Please print the line that holds "This 1937 Ford" and each line after it to the end of the data, word for word, without any pictures.

(Short descriptive text snippets)
'''

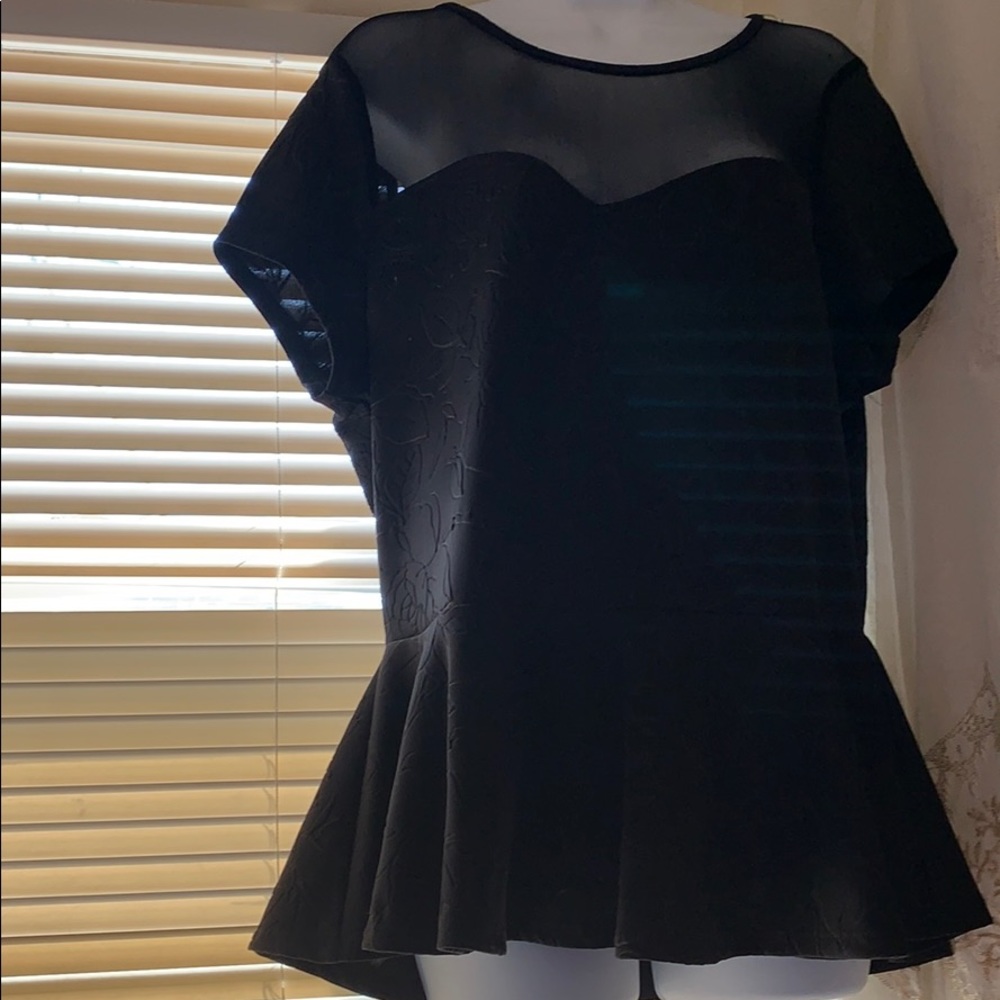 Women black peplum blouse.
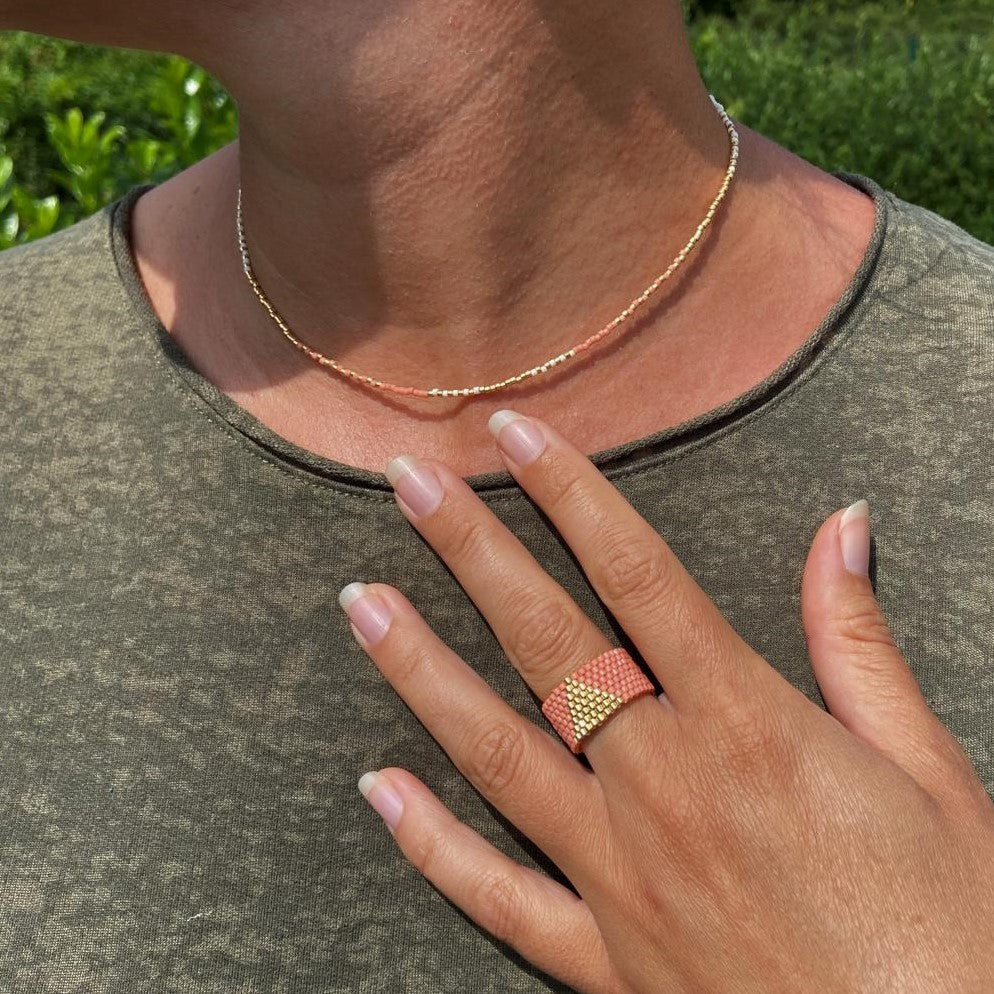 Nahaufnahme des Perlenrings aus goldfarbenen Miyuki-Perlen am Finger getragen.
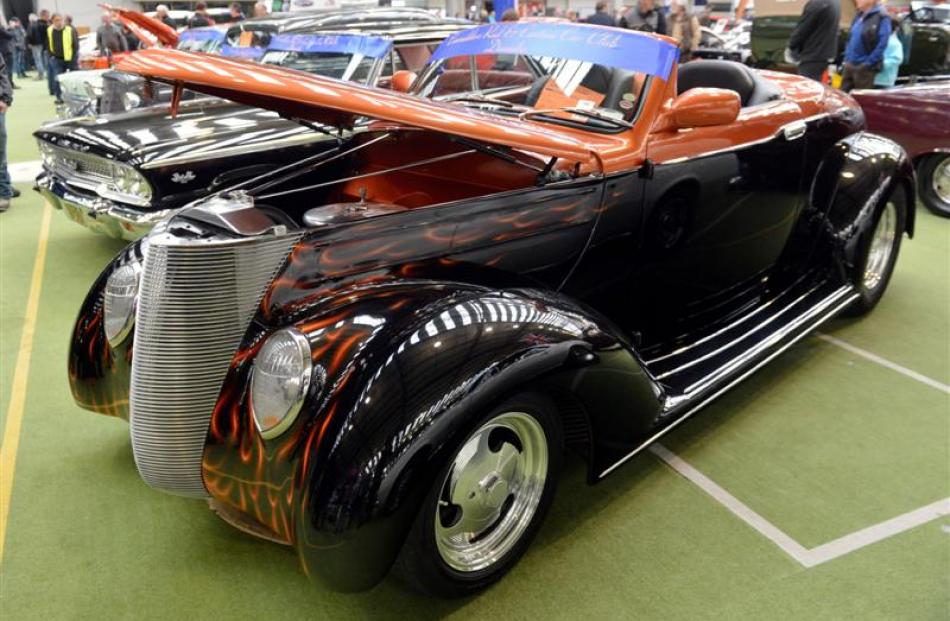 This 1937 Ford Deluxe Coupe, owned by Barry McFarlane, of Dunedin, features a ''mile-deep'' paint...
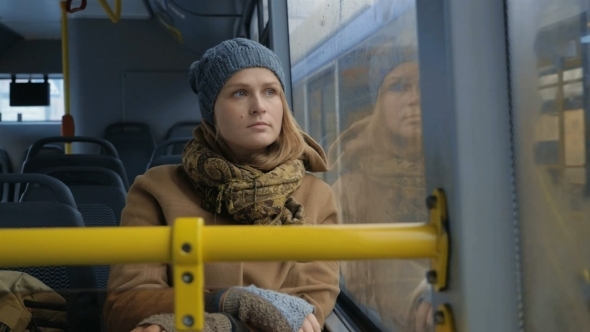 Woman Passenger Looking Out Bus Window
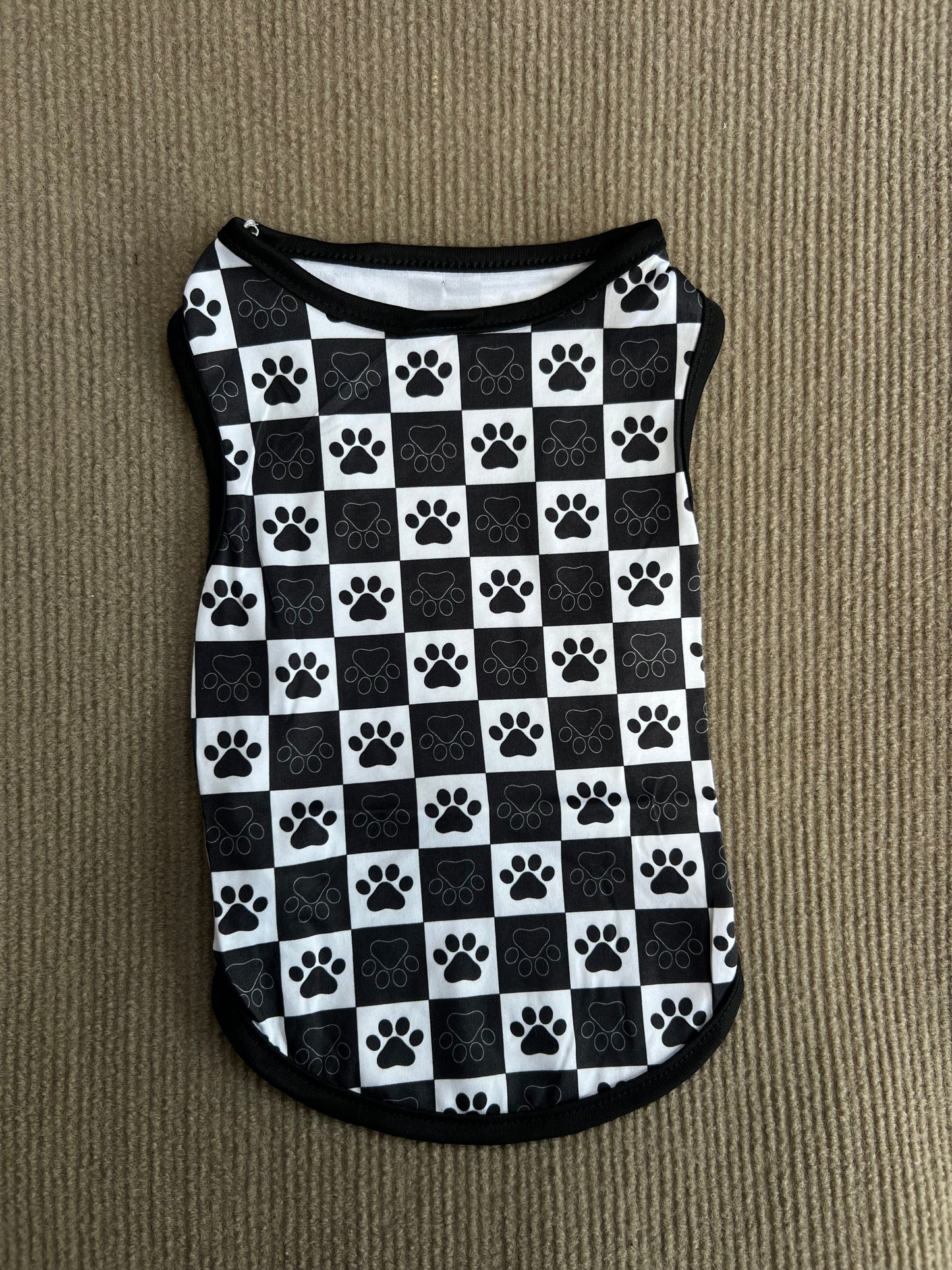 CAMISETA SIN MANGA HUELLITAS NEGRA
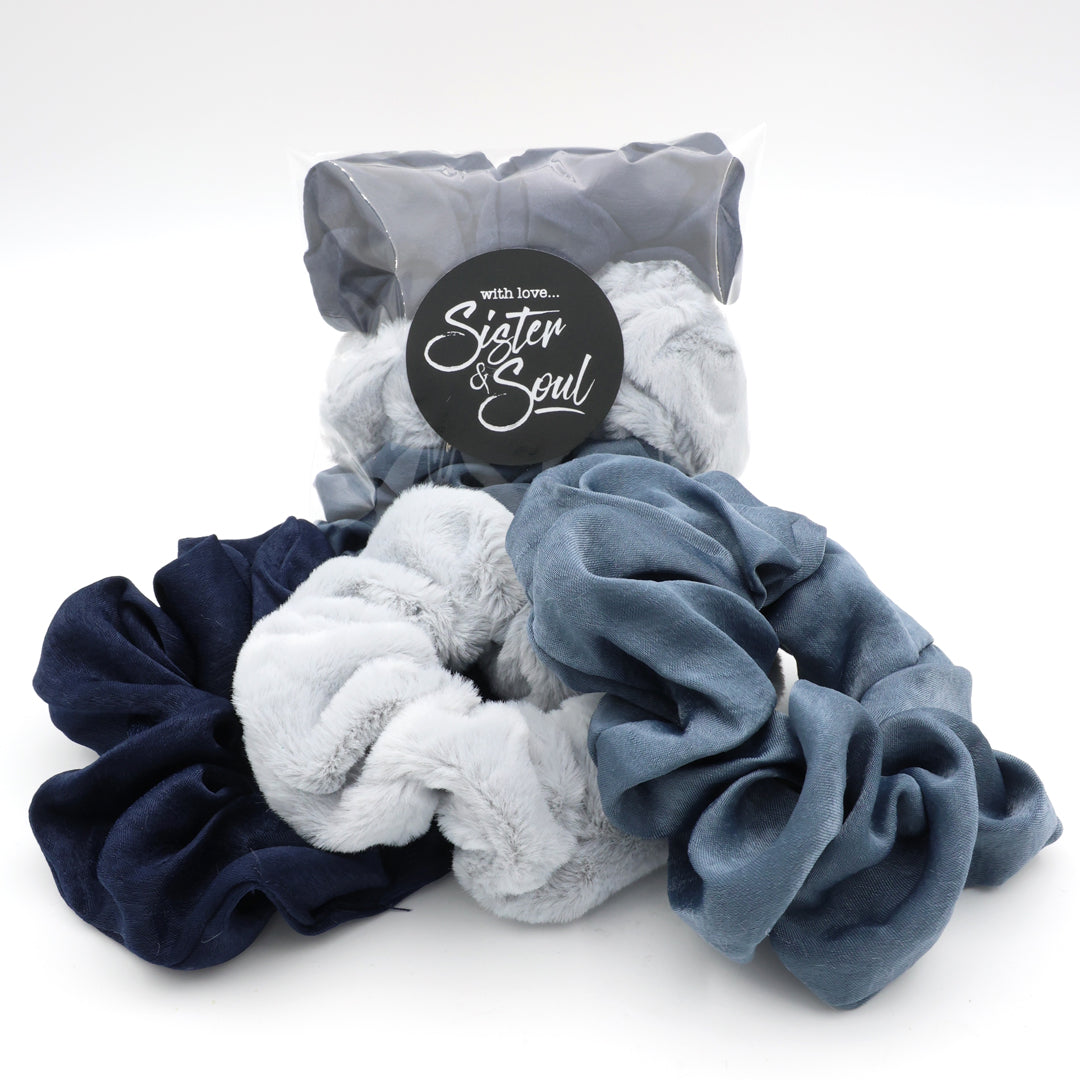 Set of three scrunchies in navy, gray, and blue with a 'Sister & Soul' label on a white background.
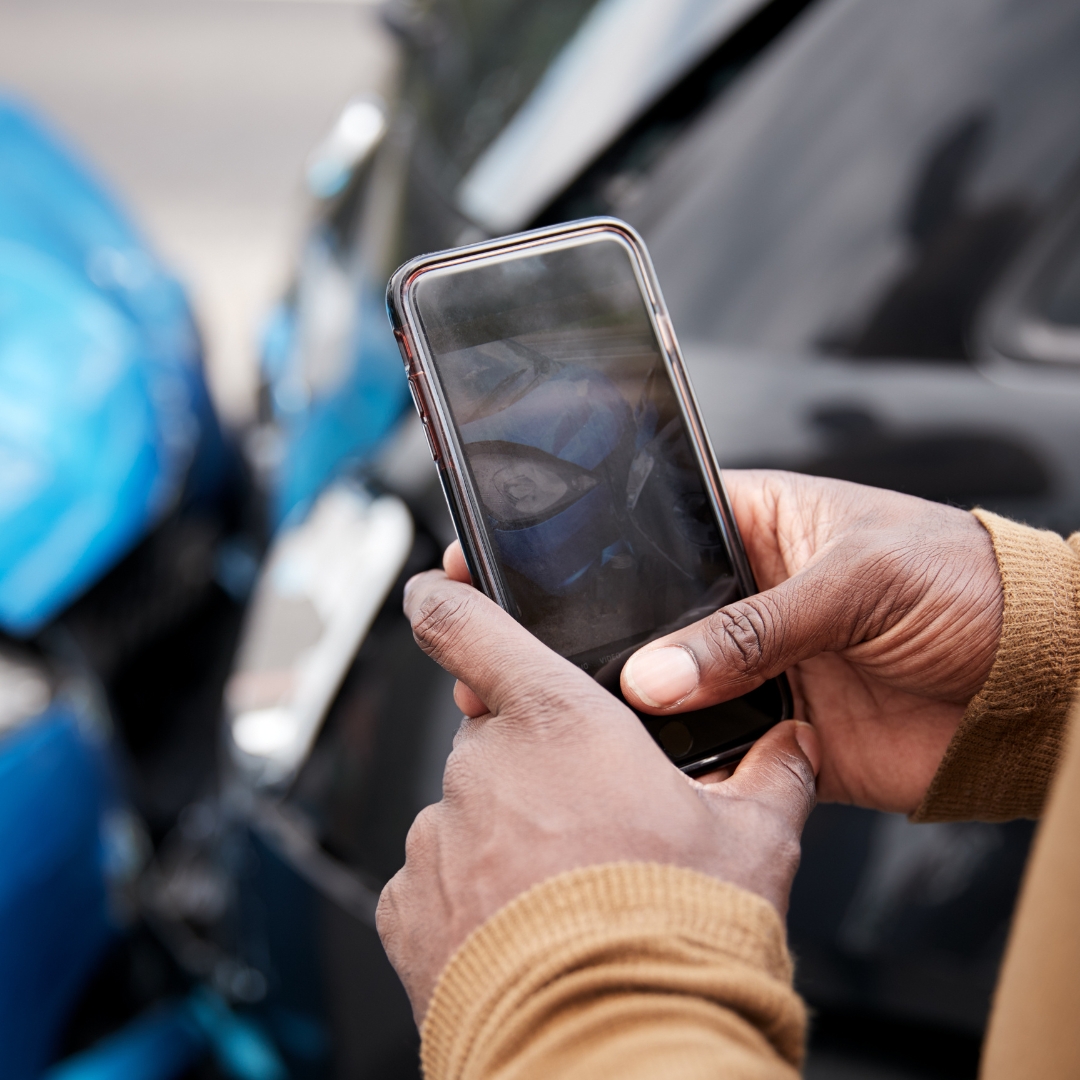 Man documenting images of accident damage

'''

*Written solution*.
 This 1937 Ford Deluxe Coupe, owned by Barry McFarlane, of Dunedin, features a ''mile-deep'' paint...
 Woman Passenger Looking Out Bus Window
 CAMISETA SIN MANGA HUELLITAS NEGRA
 Set of three scrunchies in navy, gray, and blue with a 'Sister & Soul' label on a white background.
 Man documenting images of accident damage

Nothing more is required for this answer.